Birgit Väth – Haushaltsrede 2010

Haushaltsrede 2010 – Birgit Väth

im Dezember 2010

Haushalt 2011

Sehr geehrter Herr Oberbürgermeister,

liebe Kolleginnen und Kollegen,

die Wirtschafts- und Finanzkrise hat die Kommunen massiv geschwächt. Viele haben mittlerweile große Probleme ausgeglichene Haushalte zu erreichen, müssen Bäder und Büchereien schließen und immer mehr Kernaufgaben in Frage stellen. Wertheim steht verglichen mit anderen Städten noch relativ gut da und musste zum Glück auch noch keine dieser Einrichtungen opfern.

Es ist aber nicht alleine dem Rückgang der Gewerbesteuer geschuldet, dass die Kommunen Probleme haben ihre Haushalte zu konsolidieren, sondern auch den ungerechten Steuergeschenken und dem sog. schwarz-gelben „Wachstumsbeschleunigungsgesetz“, welches die kommunale Steuerbasis weiter abgesenkt hat. Einsparungen im Bundeshaushalt werden zur Belastung der Kommunen von morgen, welche direkt am Bürger sind und auch die Grundsicherung für sozial Schwache tragen müssen.

Privatisierung

Die in den letzten Jahren bundesweit gewachsene Tendenz der Kommunen, die Aufgaben der Daseinsvorsorge komplett oder teilweise in private Hände zu geben ,wurde in Wertheim mit dem Verkauf des Krankenhauses Rechnung getragen. Gelegentlich sind Stimmen zu vernehmen, welche sich aufatmend freuen, dass das dort bis zur Vollendung des Neubaus nach wie vor zu erwartende Defizit nicht mehr unseren städtischen Haushalt belastet.

Re-Kommunalisierung und ökologie

Vor diesem Hintergrund begrüßen wir Grüne den spürbaren Trend zur Re-Kommunalisierung und in unserem speziellen Fall den beschlossenen Beitritt in die KOM 9 der Tüga-Gruppe. Kernbereiche der kommunalen Daseinsvorsorge, die Versorgung mit Wasser und Strom, müssen durch Betriebe in kommunalem Eigentum wahrgenommen werden. Wenn der Strom dann auch noch aus einer erneuerbaren Quelle fließt und vielleicht sogar vor Ort produziert wird – umso besser.

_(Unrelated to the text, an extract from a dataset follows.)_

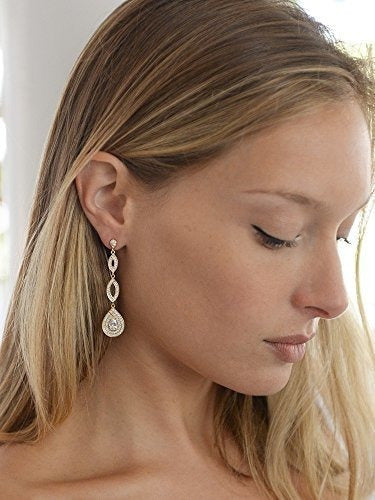 Pendiente con circonita cúbica chapados en oro 14K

Von einer „ökologischen Vorzeigestadt“, wie ein Kollege unsere Stadt vor kurzem nannte, sind wir allerdings noch weit entfernt, solange Bemühungen in Umweltschutz durch CO² Reduktion und Antiversiegelungsstrategien nur durch Gesetze erzwungen werden und kleine freiwillige Maßnahmen wie das Anbieten von wohnortnahen Sammelstellen für Energiesparlampen abgelehnt werden. Zudem möchte ich auf die jüngst nur widerwillig beschlossene getrennte Abwassergebühr hinweisen. Bemerkenswerterweise kommen diese, aus grünen Ideenfabriken stammenden, Gesetzte mittlerweile meist aus Europa.

So erfreulich das Solar-Großprojekt für die CO² Reduktion auf dem Ernsthof auch ist, so beschränkt sich der Anteil des Gemeinderates lediglich auf das Abnicken des selbigen. Der größte Verdienst kommt hier den Dörlesbergern selbst zu, welche damit einverstanden waren und keine Bürgerinitiative ob des Wegfalls von gutem Ackerland oder optischer Beeinträchtigung initiiert haben und ihrem Ortsvorsteher, der die Investoren in den harten Zeiten der änderung des Erneuerbaren-Energien-Gesetzes immer wieder motiviert und damit vielleicht ein Aufgeben wie im Fall Külsheim verhindert hat.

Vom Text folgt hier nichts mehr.